* _Your task_
Could you print only the lines from the one containing "PIAGGIO BEVERLY 300 POLICE NERO" through the end of the listing below, unchanged?
·····
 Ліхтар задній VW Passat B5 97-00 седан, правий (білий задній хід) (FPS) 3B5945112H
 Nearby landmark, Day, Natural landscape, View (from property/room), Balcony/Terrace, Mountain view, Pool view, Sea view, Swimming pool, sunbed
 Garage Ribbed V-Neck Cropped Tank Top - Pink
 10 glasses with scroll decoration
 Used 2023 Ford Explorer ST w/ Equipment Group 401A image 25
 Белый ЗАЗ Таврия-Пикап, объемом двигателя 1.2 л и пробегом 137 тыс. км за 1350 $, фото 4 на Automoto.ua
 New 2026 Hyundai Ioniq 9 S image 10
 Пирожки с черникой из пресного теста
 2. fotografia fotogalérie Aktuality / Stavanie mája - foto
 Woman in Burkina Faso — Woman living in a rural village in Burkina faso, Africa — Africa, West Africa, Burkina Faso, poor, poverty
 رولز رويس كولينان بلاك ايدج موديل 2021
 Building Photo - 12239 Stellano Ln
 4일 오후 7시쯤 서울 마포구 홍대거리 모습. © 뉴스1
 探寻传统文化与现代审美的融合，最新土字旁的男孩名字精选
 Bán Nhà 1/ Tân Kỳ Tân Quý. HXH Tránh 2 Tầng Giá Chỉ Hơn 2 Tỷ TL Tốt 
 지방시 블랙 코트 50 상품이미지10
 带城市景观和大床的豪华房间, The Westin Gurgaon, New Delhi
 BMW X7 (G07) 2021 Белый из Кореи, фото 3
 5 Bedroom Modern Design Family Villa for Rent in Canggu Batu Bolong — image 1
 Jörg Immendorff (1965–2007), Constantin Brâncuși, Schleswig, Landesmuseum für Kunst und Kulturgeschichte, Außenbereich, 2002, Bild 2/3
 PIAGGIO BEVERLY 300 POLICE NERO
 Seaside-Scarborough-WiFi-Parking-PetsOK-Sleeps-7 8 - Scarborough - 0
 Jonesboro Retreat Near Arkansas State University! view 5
·····
* _Response box_
 PIAGGIO BEVERLY 300 POLICE NERO
 Seaside-Scarborough-WiFi-Parking-PetsOK-Sleeps-7 8 - Scarborough - 0
 Jonesboro Retreat Near Arkansas State University! view 5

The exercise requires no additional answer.